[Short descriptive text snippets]
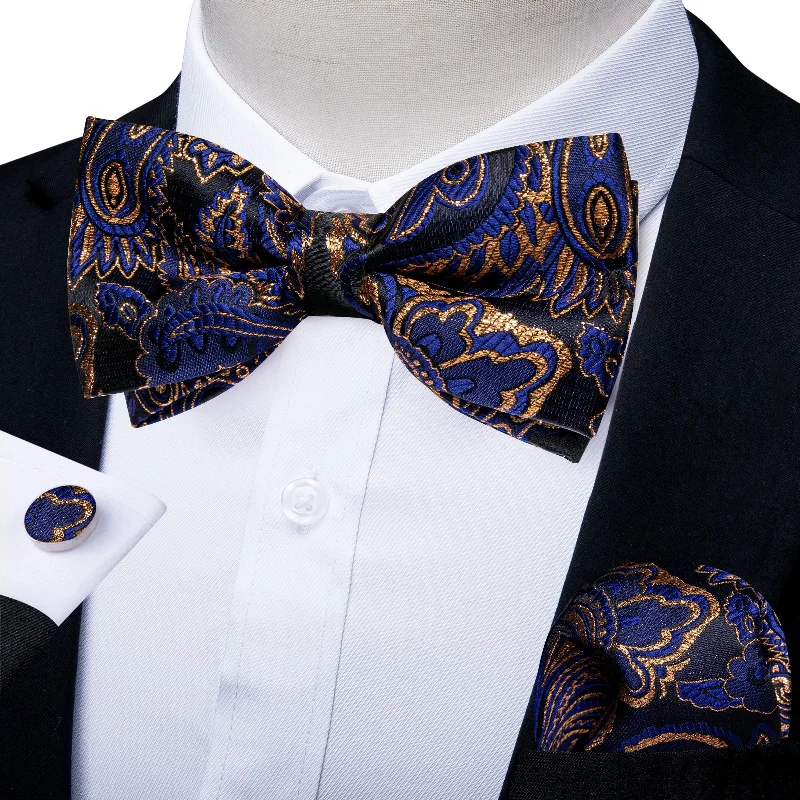 stylish bow ties for formal occasions-Blue Golden Floral Silk Pre-tied Bow Tie Hanky Cufflinks Set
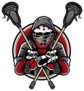 Illustration Of Lacrosse Player Wearing Helmets And Hoods Sticker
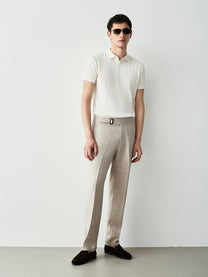 Ribbed knit polo shirt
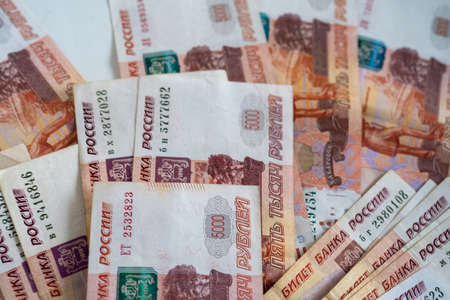 Background with Russian money in the form of five thousand rubles.
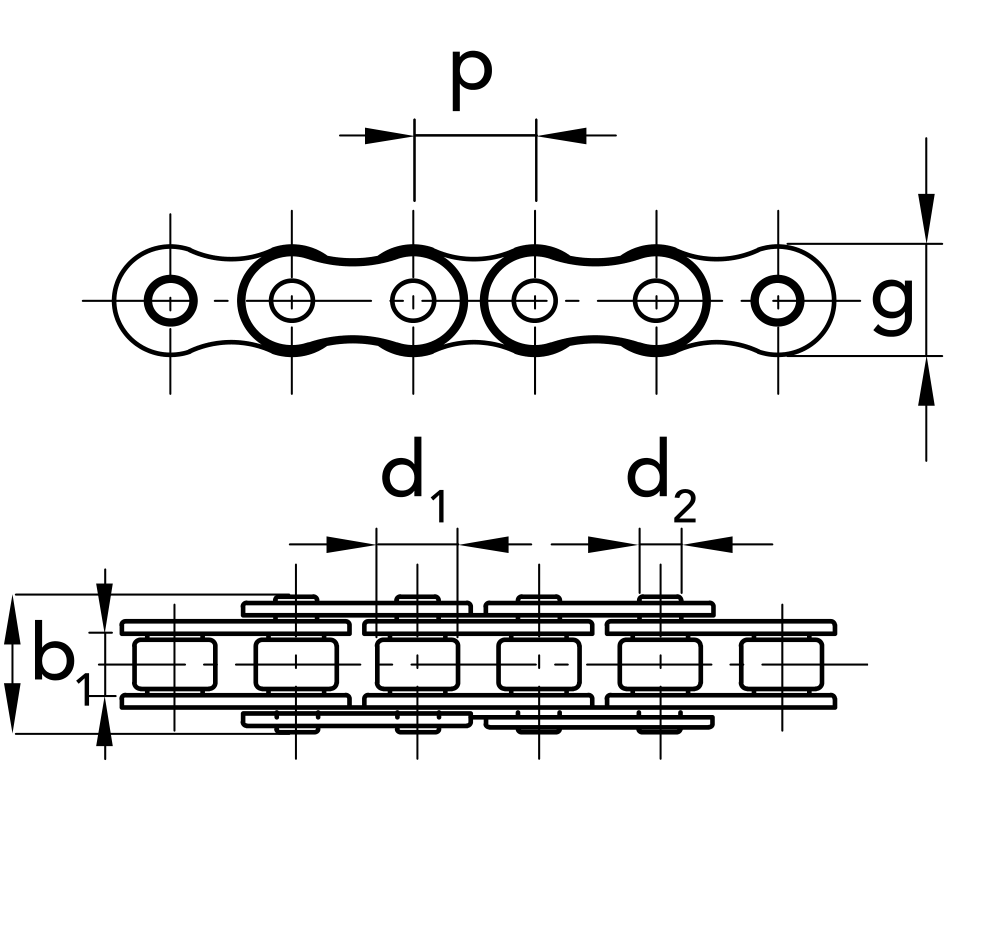 Chiaravalli XRC Roller Chain ASA 100H-1 Reinforced — dimension drawing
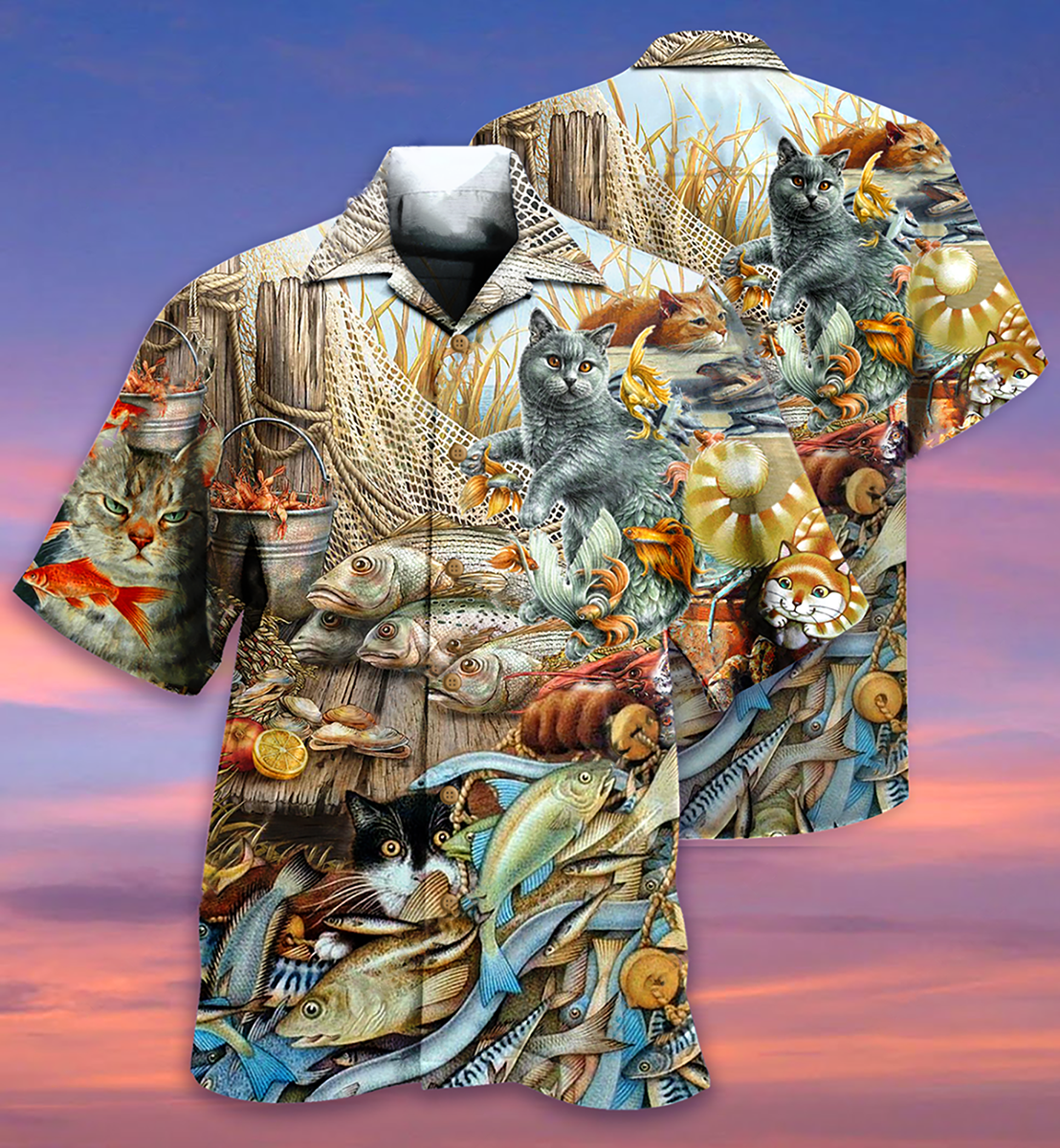 Cat Love Fish Delicious Meal - Hawaiian Shirt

## Exercise directions
Please return all of the entries word for word, excluding the pictures.

## Output below
 stylish bow ties for formal occasions-Blue Golden Floral Silk Pre-tied Bow Tie Hanky Cufflinks Set
 Illustration Of Lacrosse Player Wearing Helmets And Hoods Sticker
 Ribbed knit polo shirt
 Background with Russian money in the form of five thousand rubles.
 Chiaravalli XRC Roller Chain ASA 100H-1 Reinforced — dimension drawing
 Cat Love Fish Delicious Meal - Hawaiian Shirt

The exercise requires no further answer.